A Republican plan to cut $250 billion in Medicaid and other health-care spending hit a procedural roadblock in the Senate Thursday, complicating efforts to pass Donald Trump's massive tax and spending package.
The Senate's legislative rules-keeper judged a series of key health care provisions in the legislation ineligible for a special procedure Republicans are using to bypass the Senate's normal process so they avoid making concessions to Democrats.
Senate Republican leaders are working to re-fashion the provisions to comply with the rules and believe they will be able to restore many of the cuts, according to people familiar with the effort. But the rewriting could take time and delay plans to begin votes on the legislation on Friday.
Senate Parliamentarian Elizabeth MacDonough ruled ineligible provisions that would have limited states' ability to tax health care providers to help fund Medicaid, the insurance program for low-income and disabled people, and penalized states for using their own funding to provide health coverage to undocumented immigrants.
The ruling, announced by Senate Democrats Thursday morning, is likely good news for HCA Healthcare Inc. and Tenet Healthcare Corp., as hospitals were facing potential cuts to Medicaid funding.
Shares of HCA rose as much as 3.9% and Tenet rose as much as 4.9% following the news of the parliamentarian ruling.
Ron Wyden of Oregon, the top-ranking Democrat on the Senate Finance Committee, estimated that the spending cuts ruled ineligible totaled $250 billion and blasted Republicans for attempting to "capture ideological trophies that will leave Americans worse off."
Republicans have said previous parliamentarian rulings on food stamps and other provisions have already threatened to strike more than $300 billion in cuts.
The ruling could solve one problem for GOP leaders in that it would render moot objections from senators like Susan Collins of Maine, Thom Tillis of North Carolina and Josh Hawley to Medicaid provider tax cuts. Hospitals have lobbied aggressively to stop the provisions.
Brian Blase, president of the conservative think tank Paragon Health Institute and a former Trump White House official, criticized provider taxes as "corporate welfare," and said former President Joe Biden supported eliminating them.
"I trust Senate Republicans will find a path forward to make these provisions that reduce the provider tax scam compliant with their parliamentary rules," Blase said.
The ruling, however, exacerbates Senate Majority Leader John Thune and House Speaker Mike Johnson's problem wooing conservatives already angry over the price tag of the bill. Senator Ron Johnson had already said Wednesday his bloc of conservatives had the votes to delay the bill later into July to hammer out more cuts.
Hardline conservative House members such as Chip Roy and Ralph Norman said Wednesday they were already prepared to block the Senate bill if it did make it back to the House.
The House version of the provider tax provision, which is less aggressive than the Senate's draft, would have saved the federal government $89 billion over a decade, according to congressional budget analysts.

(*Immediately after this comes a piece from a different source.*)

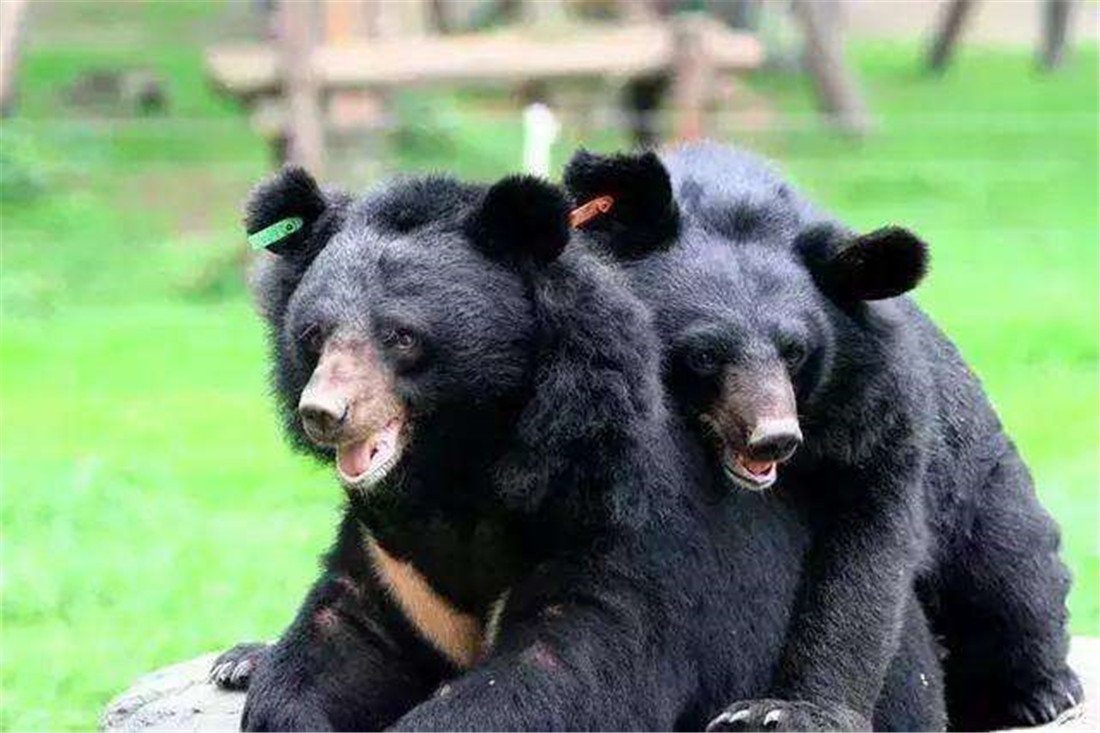 06东北虎经常捕食黑熊,更喜欢捕杀小黑熊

Hawley said he talked to Trump and the president agrees that freezing provider taxes, as was done in the House bill, is a better idea than cutting them.
The ruling has already fueled calls from House conservatives for the Senate to overrule the advice of the parliamentarian. Thune has said that he doesn't favor that since allowing non-budgetary matters into the fast-track legislative process would erode the Senate filibuster.
The parliamentarian also rejected attempts to change cost sharing in Obamacare and stop Affordable Care Act plans from covering abortion services.